To solve this problem, we first note that for both the solid sphere and the hollow cylinder, the total mechanical energy is conserved as they roll up the inclined plane without slipping. The initial kinetic energy (comprised of both translational and rotational kinetic energy) is converted into potential energy at the maximum height.

Kinetic Energy for Each Body at the Start:

For the solid sphere, the moment of inertia $$I$$ is given by $$I = \frac{2}{5}mr^2$$, where $$m$$ is mass and $$r$$ is the radius of the sphere. The kinetic energy is the sum of translational kinetic energy $$\left(\frac{1}{2}mv^2\right)$$ and rotational kinetic energy $$\left(\frac{1}{2}I\omega^2\right)$$, where $$\omega$$ is the angular velocity. Since the sphere rolls without slipping, $$v = r\omega$$.

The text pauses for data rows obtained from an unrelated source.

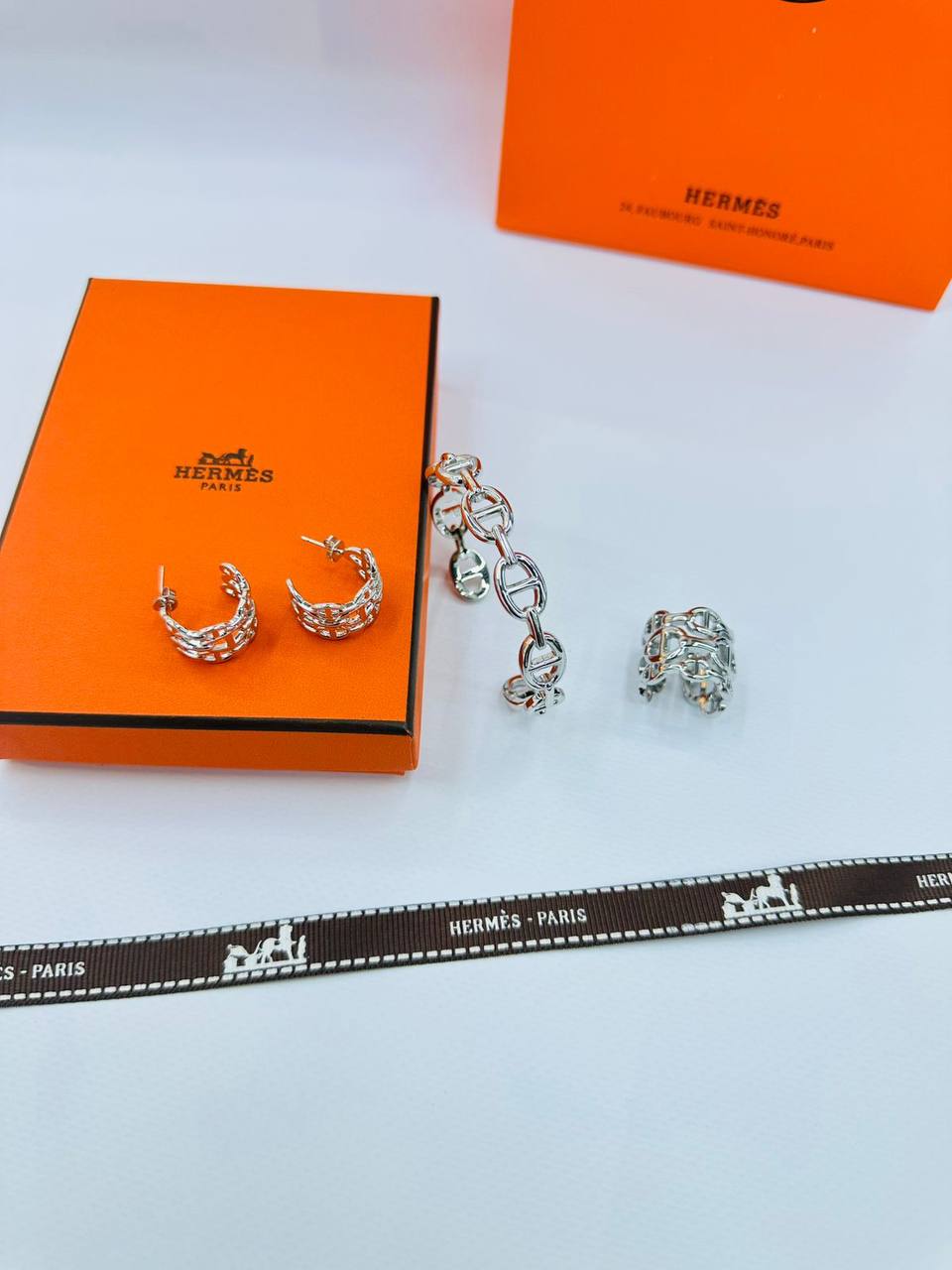 HERMES SET❤️‍🔥*
Necklace size 160cm💥
Bangle free size 🔥
Ring 💍 free size 🐦‍🔥
Earring 🦋
Super master quality 💯
With normal boxes 📦 
270 dhs✅
With master box 🗃️ 
280 dhs✅

Zain216
♥️♥️♥️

The total initial kinetic energy for the solid sphere is:

$$KE_{\text{sphere}} = \frac{1}{2}mv^2 + \frac{1}{2}\left(\frac{2}{5}mr^2\right)\left(\frac{v}{r}\right)^2 = \frac{1}{2}mv^2 + \frac{1}{5}mv^2 = \frac{7}{10}mv^2$$

For the hollow cylinder, the moment of inertia $$I$$ is $$mr^2$$. Thus, its total kinetic energy is:

$$KE_{\text{cylinder}} = \frac{1}{2}mv^2 + \frac{1}{2}mr^2\left(\frac{v}{r}\right)^2 = \frac{1}{2}mv^2 + \frac{1}{2}mv^2 = mv^2$$

Potential Energy at Maximum Height:

For both bodies, the potential energy at the maximum height is given by $$PE = mgh$$, where $$h$$ is the height reached.

Applying Conservation of Energy:

For the solid sphere, the energy conservation equation is:

$$\frac{7}{10}mv^2 = mgh_1$$

Solving for $$h_1$$ gives:

$$h_1 = \frac{7v^2}{10g}$$

For the hollow cylinder, the conservation of energy gives:

$$mv^2 = mgh_2$$

Thus, $$h_2 = \frac{v^2}{g}$$.

Finding the Ratio $$h_1:h_2$$:

The ratio of $$h_1$$ to $$h_2$$ is:

$$\frac{h_1}{h_2} = \frac{\frac{7v^2}{10g}}{\frac{v^2}{g}} = \frac{7}{10}$$

Therefore, the value of $$n$$, which represents the numerator in the ratio $$\frac{n}{10}$$, is $$7$$. Thus, the ratio of maximum heights $$h_1:h_2$$ reached by the solid sphere and the hollow cylinder, respectively, is $$\frac{7}{10}$$.